The plan: they arrest Glenn knowing his murder-gang will try to rescue him, and pull a switcheroo at the farm so the gang won’t know they’re holding Glenn at the hotel. Then simply wait for the 3:10 train and put Glenn aboard, easy peasy. But the gang has spies and once they find the hotel, they kill Drunk Alex (the only other guy who’d take the money for this assignment), Butterfield walks out, and nobody thinks Van/Dan can get Glenn onboard to the train alive (he can). Glenn is terrific at playing the overconfident villain, should’ve done that more often. I have not much interest in the remake, despite Alan Tudyk playing the drunk.

Simple fable of a violent vendetta town cluttered up with twenty characters and a flashback structure so it seems more complex than it is. Hunky doctor Gerardo, recovering from polio in the big city, is being challenged by Romulo to a duel back in his hometown. He explains that the men of his family and another have been killing each other for generations, each killer hiding out on a nearby island for a penance period afterwards. Gerardo goes home at his mom’s request, agrees to meet Romulo on the island but refuses to shoot him – an anti-macho softie ending as the two men hug it out.

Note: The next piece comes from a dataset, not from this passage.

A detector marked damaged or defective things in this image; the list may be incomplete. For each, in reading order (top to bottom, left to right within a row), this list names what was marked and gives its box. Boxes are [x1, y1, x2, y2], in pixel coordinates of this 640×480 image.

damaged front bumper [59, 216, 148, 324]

Romulo is Friday in the Robinson Crusoe movie, the town priest also played priests in Archibaldo de la Cruz and El, and peacekeeping elder Don Nemesio plays the title role in the as-seen-on-MST3K Santa Claus.

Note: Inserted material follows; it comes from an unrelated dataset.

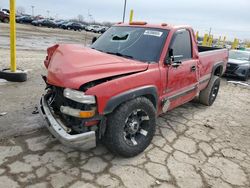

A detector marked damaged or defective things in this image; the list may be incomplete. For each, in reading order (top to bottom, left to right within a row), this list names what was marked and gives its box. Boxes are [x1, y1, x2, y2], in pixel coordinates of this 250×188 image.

crumpled hood [46, 44, 148, 89]
damaged front end [38, 84, 104, 151]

Georgie (John “Drew’s dad” Barrymore) is a 17yo nerd, his dad (Preston Foster of The Informer) a bartender, both of them getting shaken down by every tough guy in town – particularly big man Howard St. John (Strait-Jacket and Shockproof). Revenge on his mind, Georgie puts on a suit, grabs his dad’s gun, and goes out to find St. John.

Along the way he gets confused by liquor… has a nightmare flashback during a drum solo at a club… mortifyingly tries to condescendingly compliment a Black singer… makes out with Joan Lorring (The Verdict)… tries to pick up a baby while holding a gun… meets a poodle… learns some harsh truths about his pop and the world. The kid does try to kill St. John, but “just creased him” according to the cops, then decides “nothing matters to me anymore, and there’s nobody I matter to.” Dark little movie, with the sound recording quality of a ’30s film. Losey made this the same year as M, and fled to Europe before editing was finished to escape the anti-communist brigade.